Although, recreation is beneficial to lecturers, but it is important to know lecturers’ perception of recreation. It is on this premise that this study seeks to examine recreational trends among lecturers in higher institutions with specific focus on the University of Uyo, Nigeria.
Objectives of the Study
The main objective of this study is to determine how university lecturers perceive participation in recreational activities. The specific objectives of this research are to determine:
i. The extent of lecturers’ perception of occupational stress.
ii. The extent of lecturers’ perception about recreational activities
iii. The extent to which lecturers perceive recreation as a means of relieving work related stress.
iv. To determine the barriers to recreation participation among lecturers
i. Do lecturers perceive occupational stress as a danger to their health?
ii. Do lecturers have a negative or positive perception about recreation?
iii. Do lecturers have knowledge and perceive recreation as a means of relieving work related stress?
iv.

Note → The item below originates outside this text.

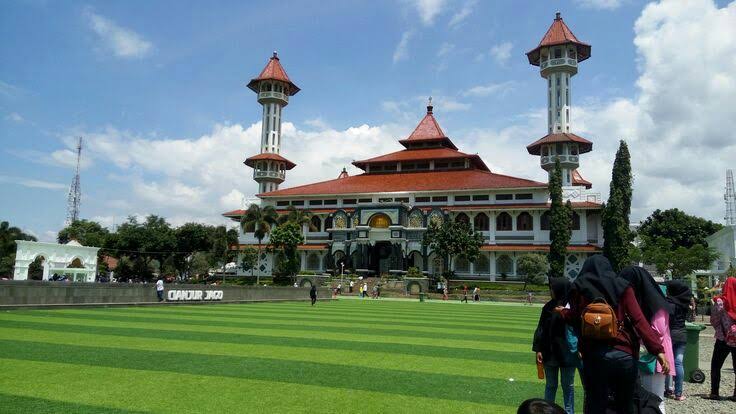 IKON: Masjid Agung Cianjur berdiri megah di pusat kota dan tampil menjadi salah satu ikon kebangaan masyarakat Cianjur. (Foto: Afsal Muhammad/cianjurupdate.com)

What are the barriers to participation in recreation among lecturers?
In line with the research questions, the following null hypotheses will be tested in this study:
H1: Lecturers do not significantly perceive work related stress as danger to their health.
H2: Lecturers do not have significantly positive perception about recreation
H3: There is no significant awareness among lecturers that participation in wholesome recreational activities could relieve stress.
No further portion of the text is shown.